◆ **Prompt**: Please print the line that holds "Personalised make-up bag" and each line after it to the end of the data, word for word, without any pictures.

◆ **Stored data**:
%%

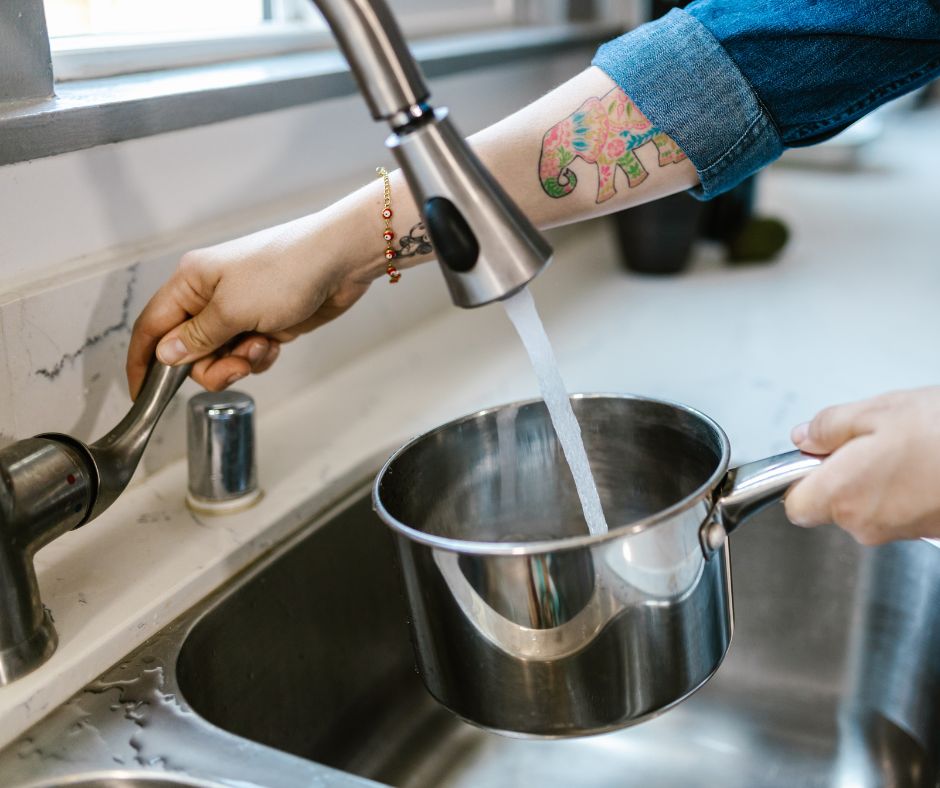 pan filling with water from tap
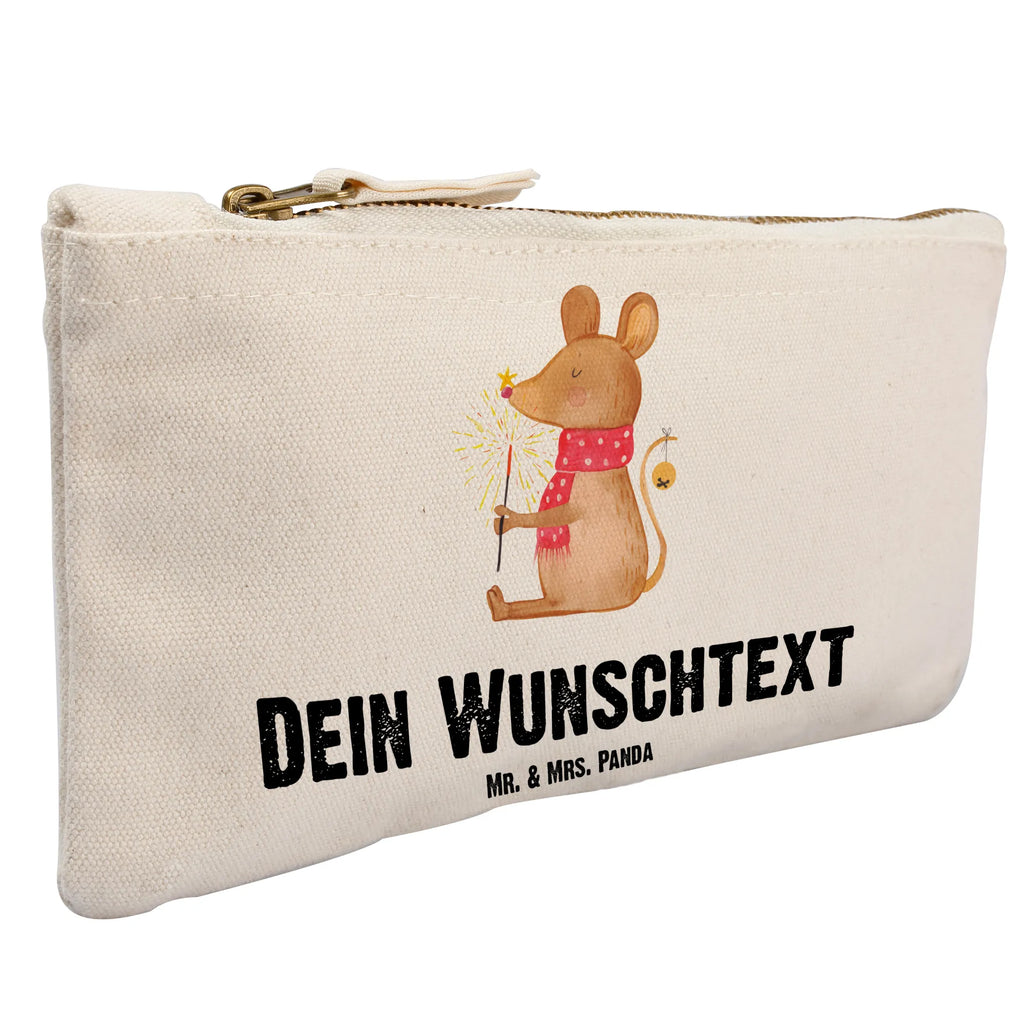 Personalised make-up bag Mouse Christmas Schminktasche Für Unterwegs Mit Personalisierung, Reise-Kosmetiktasche Mit Name, Kosmetiktasche Für Handtasche Personalisiert, Schminktasche Blumen Mit Initialen, Schminktasche Zum Aufhängen Mit Name, Schminktäschchen Mit Initialen, Schminktasche Geschenk Personalisiert, Schminkbeutel Mit Gravur, Schminktasche Für Unterwegs Mit Wunschtext, Kosmetiktasche Personalisiert, Schminktasche Stoff Mit Namen, Schminktasche Für Teenager Mit Namen, Kosmetiktasche Damen Mit Namen, Schminktasche Mit Reißverschluss Und Namen, Schminktasche Reise Mit Namen, Make-Up Tasche Mit Name, Aufbewahrung Für Schminke Mit Namen, Schminktasche Mit Wunschtext, Schminktasche Nachhaltig Mit Wunschtext, Personalisierte Schminktasche, Schminktasche Groß Mit Wunschtext, Schminktasche Mit Muster Und Namen, Stiftetasche mit Wunschtext, Schminktasche Tiermotiv Mit Namen, Kulturbeutel Damen Personalisiert, Schminktasche Für Mädchen Mit Wunschtext, Kosmetiktasche Zum Mitnehmen Mit Namen, Schminktasche Leder Mit Gravur, Schminktasche Mit Fächern Personalisiert, Schminktasche Klein Personalisiert, Schminktasche Mit Namen, Kosmetiktasche Organizer Mit Wunschtext, Stifteaufbewahrung Personalisiert, Weihnachten, Winter, Weihnachtsdeko, Nikolaus, Advent, Heiligabend, Wintermotiv, Maus, Weihnachtsmotiv, Weihnachtsgruß, Mäuschen, Weihnachtswunder, Frohe Weihnachten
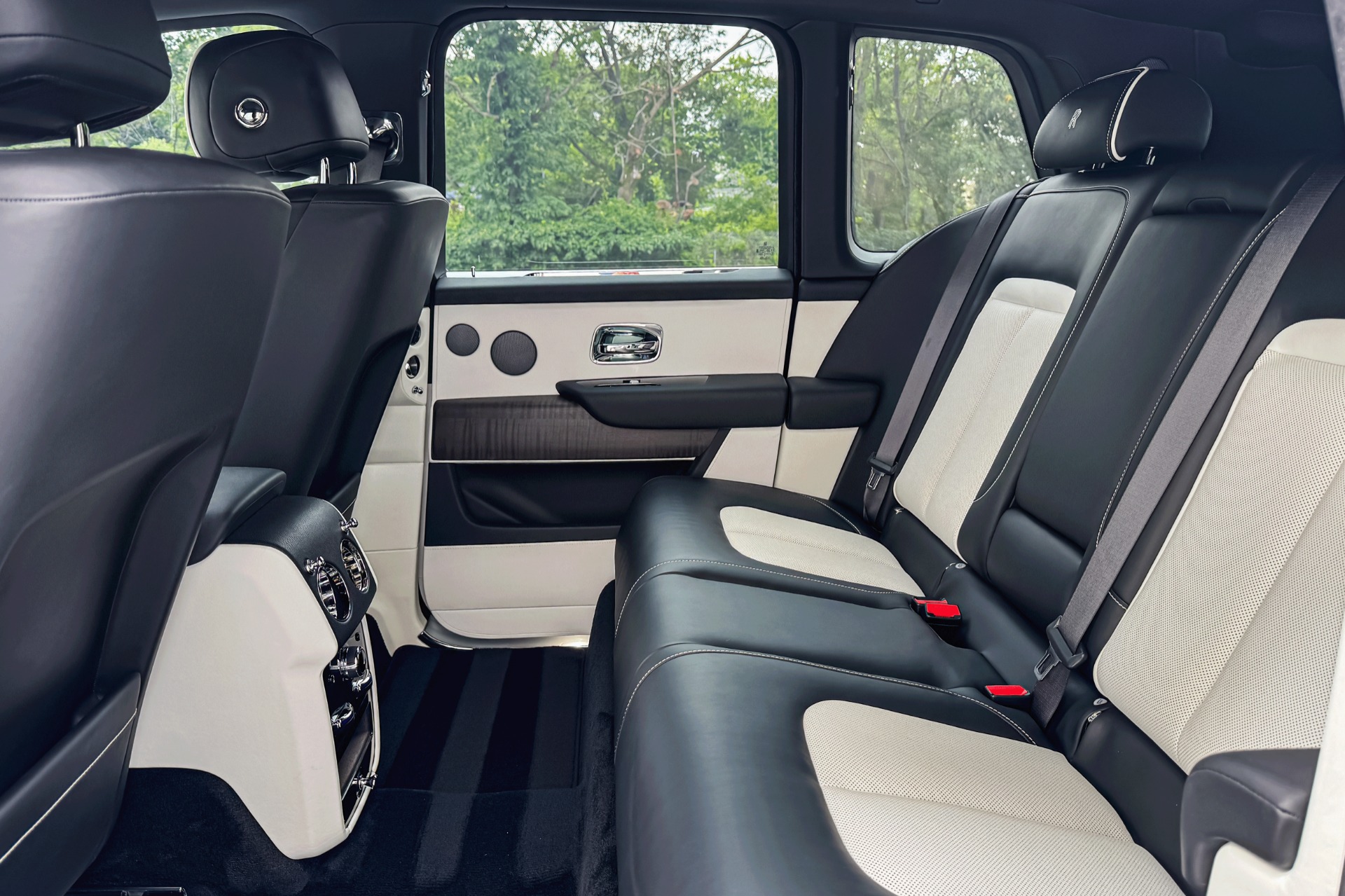 2019 Rolls-Royce Cullinan Image 6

%%

◆ **Answer below**:
 Personalised make-up bag Mouse Christmas Schminktasche Für Unterwegs Mit Personalisierung, Reise-Kosmetiktasche Mit Name, Kosmetiktasche Für Handtasche Personalisiert, Schminktasche Blumen Mit Initialen, Schminktasche Zum Aufhängen Mit Name, Schminktäschchen Mit Initialen, Schminktasche Geschenk Personalisiert, Schminkbeutel Mit Gravur, Schminktasche Für Unterwegs Mit Wunschtext, Kosmetiktasche Personalisiert, Schminktasche Stoff Mit Namen, Schminktasche Für Teenager Mit Namen, Kosmetiktasche Damen Mit Namen, Schminktasche Mit Reißverschluss Und Namen, Schminktasche Reise Mit Namen, Make-Up Tasche Mit Name, Aufbewahrung Für Schminke Mit Namen, Schminktasche Mit Wunschtext, Schminktasche Nachhaltig Mit Wunschtext, Personalisierte Schminktasche, Schminktasche Groß Mit Wunschtext, Schminktasche Mit Muster Und Namen, Stiftetasche mit Wunschtext, Schminktasche Tiermotiv Mit Namen, Kulturbeutel Damen Personalisiert, Schminktasche Für Mädchen Mit Wunschtext, Kosmetiktasche Zum Mitnehmen Mit Namen, Schminktasche Leder Mit Gravur, Schminktasche Mit Fächern Personalisiert, Schminktasche Klein Personalisiert, Schminktasche Mit Namen, Kosmetiktasche Organizer Mit Wunschtext, Stifteaufbewahrung Personalisiert, Weihnachten, Winter, Weihnachtsdeko, Nikolaus, Advent, Heiligabend, Wintermotiv, Maus, Weihnachtsmotiv, Weihnachtsgruß, Mäuschen, Weihnachtswunder, Frohe Weihnachten
 2019 Rolls-Royce Cullinan Image 6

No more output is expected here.